■ **Exercise brief**
Among the entries below, one stretch runs from the line that contains "Cerrojo de seguridad" through the line that contains "A girl with black". Repeat that stretch exactly, ends included, and only that.

Extracted data entries
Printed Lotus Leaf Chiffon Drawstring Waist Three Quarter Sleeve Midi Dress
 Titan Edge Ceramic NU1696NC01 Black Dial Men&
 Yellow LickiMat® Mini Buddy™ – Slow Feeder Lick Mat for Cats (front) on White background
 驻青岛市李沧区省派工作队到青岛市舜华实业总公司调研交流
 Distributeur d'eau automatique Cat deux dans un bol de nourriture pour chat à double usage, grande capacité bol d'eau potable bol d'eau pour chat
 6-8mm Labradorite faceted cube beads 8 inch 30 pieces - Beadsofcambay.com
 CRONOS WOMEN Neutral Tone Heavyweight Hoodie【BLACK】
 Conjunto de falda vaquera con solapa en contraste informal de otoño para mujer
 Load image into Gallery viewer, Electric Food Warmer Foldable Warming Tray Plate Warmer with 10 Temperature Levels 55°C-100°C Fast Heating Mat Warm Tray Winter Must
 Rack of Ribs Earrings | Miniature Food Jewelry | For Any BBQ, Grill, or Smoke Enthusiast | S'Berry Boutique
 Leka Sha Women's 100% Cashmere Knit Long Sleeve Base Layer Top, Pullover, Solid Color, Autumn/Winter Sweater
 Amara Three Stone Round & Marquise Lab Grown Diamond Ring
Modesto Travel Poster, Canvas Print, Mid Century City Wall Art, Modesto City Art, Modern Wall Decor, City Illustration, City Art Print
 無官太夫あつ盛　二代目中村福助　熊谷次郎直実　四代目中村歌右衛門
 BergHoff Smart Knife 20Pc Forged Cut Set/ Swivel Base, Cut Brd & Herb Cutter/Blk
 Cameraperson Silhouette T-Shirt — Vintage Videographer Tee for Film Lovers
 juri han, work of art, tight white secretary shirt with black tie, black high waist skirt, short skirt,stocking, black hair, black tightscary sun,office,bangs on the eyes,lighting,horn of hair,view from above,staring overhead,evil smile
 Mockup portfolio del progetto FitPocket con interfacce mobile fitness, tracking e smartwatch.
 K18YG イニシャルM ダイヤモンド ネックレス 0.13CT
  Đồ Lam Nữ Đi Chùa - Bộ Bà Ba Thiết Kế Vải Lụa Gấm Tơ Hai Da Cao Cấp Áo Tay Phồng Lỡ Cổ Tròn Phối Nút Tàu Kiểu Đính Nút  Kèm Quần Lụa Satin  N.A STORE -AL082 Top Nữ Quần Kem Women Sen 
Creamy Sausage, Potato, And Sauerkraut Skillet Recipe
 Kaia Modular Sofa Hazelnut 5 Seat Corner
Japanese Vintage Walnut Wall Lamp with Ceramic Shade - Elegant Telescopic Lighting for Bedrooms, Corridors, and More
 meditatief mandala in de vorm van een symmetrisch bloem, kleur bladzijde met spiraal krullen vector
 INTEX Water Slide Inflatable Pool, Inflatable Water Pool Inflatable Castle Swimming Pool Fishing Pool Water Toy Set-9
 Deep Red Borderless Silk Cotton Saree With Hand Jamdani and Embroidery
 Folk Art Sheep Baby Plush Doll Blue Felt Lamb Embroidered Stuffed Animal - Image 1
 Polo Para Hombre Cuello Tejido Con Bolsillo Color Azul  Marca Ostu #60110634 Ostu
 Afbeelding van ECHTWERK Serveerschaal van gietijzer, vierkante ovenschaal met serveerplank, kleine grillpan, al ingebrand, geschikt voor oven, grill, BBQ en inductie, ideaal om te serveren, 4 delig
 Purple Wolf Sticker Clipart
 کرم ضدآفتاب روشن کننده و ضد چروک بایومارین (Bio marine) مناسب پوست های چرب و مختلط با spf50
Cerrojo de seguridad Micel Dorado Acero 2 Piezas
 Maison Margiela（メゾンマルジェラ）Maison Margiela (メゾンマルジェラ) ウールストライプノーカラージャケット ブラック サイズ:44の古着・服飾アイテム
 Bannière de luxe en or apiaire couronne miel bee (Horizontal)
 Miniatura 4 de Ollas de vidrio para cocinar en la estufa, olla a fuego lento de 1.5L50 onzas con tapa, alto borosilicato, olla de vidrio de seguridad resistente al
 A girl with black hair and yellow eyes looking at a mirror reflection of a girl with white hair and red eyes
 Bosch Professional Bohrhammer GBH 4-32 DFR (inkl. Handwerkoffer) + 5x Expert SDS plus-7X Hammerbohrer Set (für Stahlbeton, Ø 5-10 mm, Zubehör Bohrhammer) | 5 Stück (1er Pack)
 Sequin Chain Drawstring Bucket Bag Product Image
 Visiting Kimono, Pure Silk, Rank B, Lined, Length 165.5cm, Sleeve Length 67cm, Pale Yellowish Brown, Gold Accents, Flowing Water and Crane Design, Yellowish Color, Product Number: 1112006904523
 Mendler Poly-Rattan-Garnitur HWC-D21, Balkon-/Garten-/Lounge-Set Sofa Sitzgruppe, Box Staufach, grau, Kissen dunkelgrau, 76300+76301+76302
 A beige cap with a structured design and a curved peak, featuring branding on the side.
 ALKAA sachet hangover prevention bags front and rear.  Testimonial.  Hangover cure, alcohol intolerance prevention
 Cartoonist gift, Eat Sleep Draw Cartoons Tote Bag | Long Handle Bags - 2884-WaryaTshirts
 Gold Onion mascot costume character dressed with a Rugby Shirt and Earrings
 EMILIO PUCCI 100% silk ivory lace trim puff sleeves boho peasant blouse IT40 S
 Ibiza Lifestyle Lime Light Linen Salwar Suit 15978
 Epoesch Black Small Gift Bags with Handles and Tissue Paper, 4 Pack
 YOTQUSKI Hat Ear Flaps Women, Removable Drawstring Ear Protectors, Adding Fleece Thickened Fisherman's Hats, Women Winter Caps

■ **Reply to the exercise**
Cerrojo de seguridad Micel Dorado Acero 2 Piezas
 Maison Margiela（メゾンマルジェラ）Maison Margiela (メゾンマルジェラ) ウールストライプノーカラージャケット ブラック サイズ:44の古着・服飾アイテム
 Bannière de luxe en or apiaire couronne miel bee (Horizontal)
 Miniatura 4 de Ollas de vidrio para cocinar en la estufa, olla a fuego lento de 1.5L50 onzas con tapa, alto borosilicato, olla de vidrio de seguridad resistente al
 A girl with black hair and yellow eyes looking at a mirror reflection of a girl with white hair and red eyes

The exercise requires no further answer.